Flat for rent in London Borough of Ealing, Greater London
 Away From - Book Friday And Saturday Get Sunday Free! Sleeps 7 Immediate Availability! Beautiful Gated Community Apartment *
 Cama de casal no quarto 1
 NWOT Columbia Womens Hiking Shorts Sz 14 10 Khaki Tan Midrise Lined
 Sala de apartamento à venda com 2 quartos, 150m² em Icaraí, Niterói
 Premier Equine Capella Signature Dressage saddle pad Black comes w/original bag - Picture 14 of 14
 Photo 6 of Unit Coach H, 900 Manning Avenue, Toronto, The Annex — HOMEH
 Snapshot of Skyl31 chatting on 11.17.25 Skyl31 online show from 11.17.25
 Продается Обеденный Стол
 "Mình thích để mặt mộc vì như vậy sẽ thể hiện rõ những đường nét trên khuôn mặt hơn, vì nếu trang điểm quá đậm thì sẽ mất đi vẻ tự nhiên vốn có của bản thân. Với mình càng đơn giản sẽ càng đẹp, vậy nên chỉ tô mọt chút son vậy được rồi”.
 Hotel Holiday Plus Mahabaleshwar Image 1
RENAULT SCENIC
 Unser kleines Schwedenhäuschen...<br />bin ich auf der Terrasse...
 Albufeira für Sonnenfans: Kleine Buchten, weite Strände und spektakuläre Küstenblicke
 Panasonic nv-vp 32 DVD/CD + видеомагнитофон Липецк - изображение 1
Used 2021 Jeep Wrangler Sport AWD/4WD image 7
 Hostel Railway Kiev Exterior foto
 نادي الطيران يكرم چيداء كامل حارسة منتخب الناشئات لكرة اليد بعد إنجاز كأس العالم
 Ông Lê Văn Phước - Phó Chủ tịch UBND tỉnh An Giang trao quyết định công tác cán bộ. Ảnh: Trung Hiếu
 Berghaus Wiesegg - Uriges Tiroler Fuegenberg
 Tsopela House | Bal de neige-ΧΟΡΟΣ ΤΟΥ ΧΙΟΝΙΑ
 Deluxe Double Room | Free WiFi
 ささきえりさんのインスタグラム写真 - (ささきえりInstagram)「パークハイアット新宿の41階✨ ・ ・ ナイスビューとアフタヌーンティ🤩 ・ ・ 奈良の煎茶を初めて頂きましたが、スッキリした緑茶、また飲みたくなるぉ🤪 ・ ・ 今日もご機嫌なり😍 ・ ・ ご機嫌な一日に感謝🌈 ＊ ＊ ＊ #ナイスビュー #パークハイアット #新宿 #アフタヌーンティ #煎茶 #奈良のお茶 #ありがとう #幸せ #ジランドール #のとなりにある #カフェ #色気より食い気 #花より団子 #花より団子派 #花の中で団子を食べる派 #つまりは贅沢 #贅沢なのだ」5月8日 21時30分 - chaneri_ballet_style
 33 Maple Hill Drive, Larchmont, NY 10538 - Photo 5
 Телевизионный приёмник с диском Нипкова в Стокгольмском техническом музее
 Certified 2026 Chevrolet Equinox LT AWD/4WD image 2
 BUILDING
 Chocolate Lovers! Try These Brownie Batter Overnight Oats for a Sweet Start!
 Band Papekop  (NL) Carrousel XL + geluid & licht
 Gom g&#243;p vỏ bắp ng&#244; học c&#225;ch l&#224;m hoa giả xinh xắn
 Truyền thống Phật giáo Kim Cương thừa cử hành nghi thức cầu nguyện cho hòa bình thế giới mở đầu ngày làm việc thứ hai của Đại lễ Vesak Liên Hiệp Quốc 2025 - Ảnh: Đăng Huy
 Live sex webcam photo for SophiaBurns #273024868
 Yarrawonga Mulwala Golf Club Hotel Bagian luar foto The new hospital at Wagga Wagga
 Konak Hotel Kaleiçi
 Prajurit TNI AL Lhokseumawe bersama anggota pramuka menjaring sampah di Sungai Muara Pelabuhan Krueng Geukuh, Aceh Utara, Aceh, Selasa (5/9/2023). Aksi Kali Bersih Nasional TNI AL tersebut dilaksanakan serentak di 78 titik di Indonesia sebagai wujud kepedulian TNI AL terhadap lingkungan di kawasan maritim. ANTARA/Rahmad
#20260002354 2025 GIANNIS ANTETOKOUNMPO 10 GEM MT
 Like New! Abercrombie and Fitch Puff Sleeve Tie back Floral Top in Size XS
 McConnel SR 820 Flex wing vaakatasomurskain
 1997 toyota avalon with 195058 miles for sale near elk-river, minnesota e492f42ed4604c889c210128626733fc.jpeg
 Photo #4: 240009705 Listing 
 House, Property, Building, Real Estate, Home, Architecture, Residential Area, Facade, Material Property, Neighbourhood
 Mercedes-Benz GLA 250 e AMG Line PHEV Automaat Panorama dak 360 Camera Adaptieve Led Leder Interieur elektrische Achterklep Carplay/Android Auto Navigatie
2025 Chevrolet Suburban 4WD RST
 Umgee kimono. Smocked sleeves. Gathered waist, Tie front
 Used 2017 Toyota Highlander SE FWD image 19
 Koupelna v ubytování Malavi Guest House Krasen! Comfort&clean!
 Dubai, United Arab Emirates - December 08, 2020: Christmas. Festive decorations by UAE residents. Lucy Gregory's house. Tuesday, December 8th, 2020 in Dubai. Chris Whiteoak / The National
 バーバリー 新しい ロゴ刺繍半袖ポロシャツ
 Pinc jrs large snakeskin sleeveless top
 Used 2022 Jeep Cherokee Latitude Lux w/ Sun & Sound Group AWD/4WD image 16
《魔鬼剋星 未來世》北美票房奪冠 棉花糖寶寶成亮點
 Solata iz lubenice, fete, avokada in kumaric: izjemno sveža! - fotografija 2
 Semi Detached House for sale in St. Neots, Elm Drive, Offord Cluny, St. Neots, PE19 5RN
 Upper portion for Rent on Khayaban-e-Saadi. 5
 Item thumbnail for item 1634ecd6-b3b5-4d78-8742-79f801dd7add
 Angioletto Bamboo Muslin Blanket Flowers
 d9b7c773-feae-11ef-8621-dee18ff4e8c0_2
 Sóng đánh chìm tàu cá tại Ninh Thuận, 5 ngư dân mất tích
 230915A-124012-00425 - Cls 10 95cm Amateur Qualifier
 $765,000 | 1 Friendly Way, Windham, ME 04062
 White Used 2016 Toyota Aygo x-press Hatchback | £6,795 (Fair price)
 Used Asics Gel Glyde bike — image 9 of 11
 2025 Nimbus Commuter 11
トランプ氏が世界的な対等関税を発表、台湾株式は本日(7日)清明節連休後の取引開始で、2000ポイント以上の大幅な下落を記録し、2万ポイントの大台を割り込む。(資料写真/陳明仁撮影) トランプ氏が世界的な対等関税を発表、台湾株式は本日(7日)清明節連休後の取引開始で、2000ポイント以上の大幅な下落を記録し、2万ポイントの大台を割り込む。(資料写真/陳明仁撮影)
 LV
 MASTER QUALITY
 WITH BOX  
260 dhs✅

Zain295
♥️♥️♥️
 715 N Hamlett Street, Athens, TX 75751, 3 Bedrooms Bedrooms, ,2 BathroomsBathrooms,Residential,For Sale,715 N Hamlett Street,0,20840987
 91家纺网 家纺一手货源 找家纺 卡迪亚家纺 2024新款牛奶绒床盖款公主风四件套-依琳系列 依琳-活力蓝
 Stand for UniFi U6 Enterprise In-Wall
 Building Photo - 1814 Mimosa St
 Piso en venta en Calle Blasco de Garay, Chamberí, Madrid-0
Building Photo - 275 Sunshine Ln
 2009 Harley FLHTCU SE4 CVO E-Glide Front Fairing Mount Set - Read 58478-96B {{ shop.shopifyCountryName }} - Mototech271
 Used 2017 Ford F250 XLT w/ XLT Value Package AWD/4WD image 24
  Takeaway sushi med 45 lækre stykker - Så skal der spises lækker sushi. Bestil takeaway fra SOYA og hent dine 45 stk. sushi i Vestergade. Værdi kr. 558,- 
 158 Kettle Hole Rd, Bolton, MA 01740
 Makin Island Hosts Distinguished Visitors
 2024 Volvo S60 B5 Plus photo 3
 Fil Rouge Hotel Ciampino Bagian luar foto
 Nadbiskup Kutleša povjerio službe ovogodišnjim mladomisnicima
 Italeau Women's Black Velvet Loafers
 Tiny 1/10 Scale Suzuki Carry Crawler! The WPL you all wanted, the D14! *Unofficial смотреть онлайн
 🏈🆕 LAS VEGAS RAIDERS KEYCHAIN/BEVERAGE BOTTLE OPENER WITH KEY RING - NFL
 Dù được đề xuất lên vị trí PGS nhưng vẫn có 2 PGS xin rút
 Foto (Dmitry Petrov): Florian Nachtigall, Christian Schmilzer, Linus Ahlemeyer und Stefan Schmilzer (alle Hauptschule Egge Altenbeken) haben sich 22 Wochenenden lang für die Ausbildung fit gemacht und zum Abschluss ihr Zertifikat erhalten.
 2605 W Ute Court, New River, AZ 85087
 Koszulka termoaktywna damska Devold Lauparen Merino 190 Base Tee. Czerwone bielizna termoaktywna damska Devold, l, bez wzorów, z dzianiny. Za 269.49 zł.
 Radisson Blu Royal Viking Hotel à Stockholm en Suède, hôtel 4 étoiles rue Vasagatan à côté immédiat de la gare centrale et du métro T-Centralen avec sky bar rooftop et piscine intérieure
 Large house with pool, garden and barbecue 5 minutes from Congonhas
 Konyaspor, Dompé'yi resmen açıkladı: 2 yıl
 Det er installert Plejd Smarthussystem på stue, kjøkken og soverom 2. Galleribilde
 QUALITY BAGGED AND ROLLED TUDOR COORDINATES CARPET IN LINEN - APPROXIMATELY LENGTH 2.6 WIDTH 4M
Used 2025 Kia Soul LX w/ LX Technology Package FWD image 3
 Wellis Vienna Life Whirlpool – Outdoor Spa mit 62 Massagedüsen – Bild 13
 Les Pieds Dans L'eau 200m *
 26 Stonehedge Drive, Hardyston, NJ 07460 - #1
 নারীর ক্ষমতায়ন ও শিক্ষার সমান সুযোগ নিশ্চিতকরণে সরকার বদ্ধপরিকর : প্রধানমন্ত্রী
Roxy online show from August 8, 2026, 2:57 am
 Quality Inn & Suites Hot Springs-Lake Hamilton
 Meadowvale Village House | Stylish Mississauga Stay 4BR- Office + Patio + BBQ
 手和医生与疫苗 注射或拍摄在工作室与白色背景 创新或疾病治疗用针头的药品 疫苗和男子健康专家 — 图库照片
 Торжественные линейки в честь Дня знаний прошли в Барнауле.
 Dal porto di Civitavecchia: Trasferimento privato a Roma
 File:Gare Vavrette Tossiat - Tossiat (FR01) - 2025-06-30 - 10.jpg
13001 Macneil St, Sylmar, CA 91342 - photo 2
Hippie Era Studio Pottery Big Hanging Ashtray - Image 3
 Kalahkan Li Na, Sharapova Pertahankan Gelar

* [WORK TO BE COMPLETED] Look above for the line containing "Tiny 1/10 Scale" and the line containing "Dù được đề xuất". Transcribe both, with the lines between them, exactly.

* [RESULT FOR THIS TASK]
 Tiny 1/10 Scale Suzuki Carry Crawler! The WPL you all wanted, the D14! *Unofficial смотреть онлайн
 🏈🆕 LAS VEGAS RAIDERS KEYCHAIN/BEVERAGE BOTTLE OPENER WITH KEY RING - NFL
 Dù được đề xuất lên vị trí PGS nhưng vẫn có 2 PGS xin rút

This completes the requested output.